Data excerpt
======

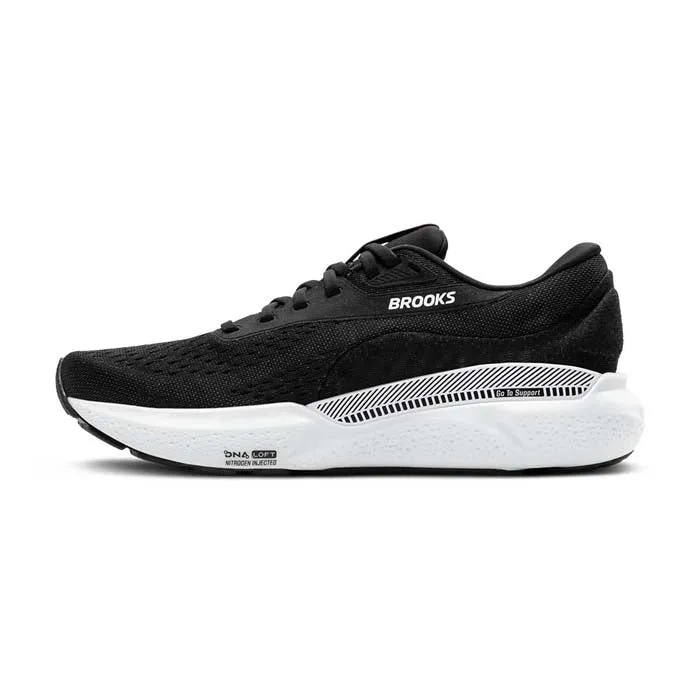 Womens Brooks Running Adrenaline GTS 24 in Black/White Ultra Light Sole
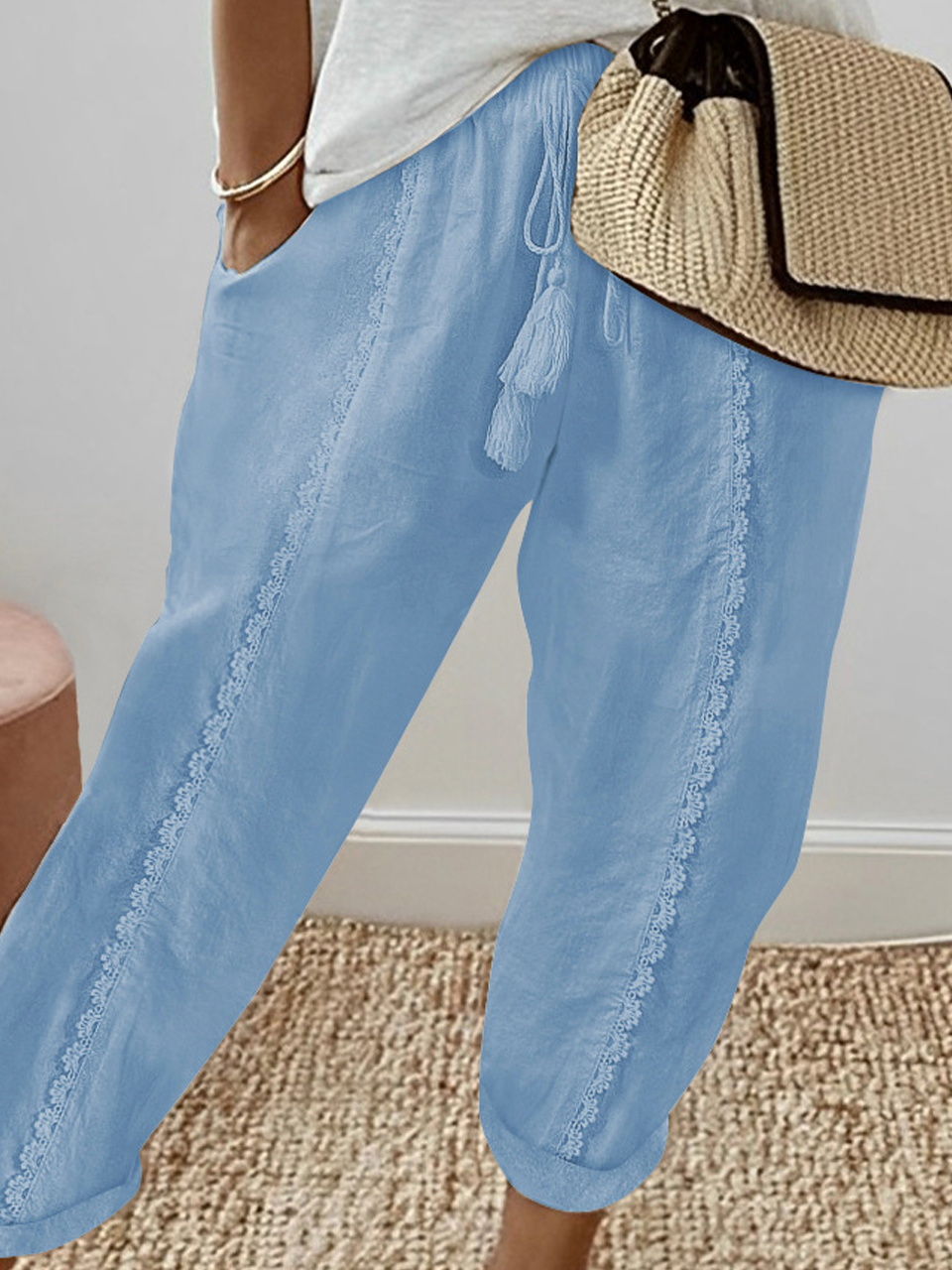 Damen Unifarben Lang Elastische Taille Hose Lässig Frühling/Herbst Hose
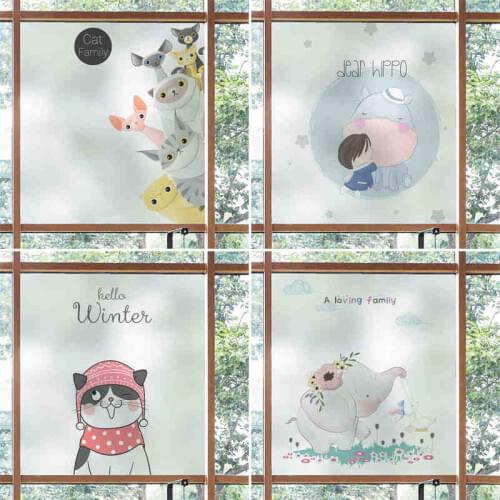 Cartoon glass sticker bathroom anti-glare frosted film glass door self-adhesive anti-peep light opaque window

======

Task details
Your answer should be the lines above from the one that contains "Damen Unifarben Lang" through the last, set down exactly, with the pictures removed.

Result
 Damen Unifarben Lang Elastische Taille Hose Lässig Frühling/Herbst Hose
 Cartoon glass sticker bathroom anti-glare frosted film glass door self-adhesive anti-peep light opaque window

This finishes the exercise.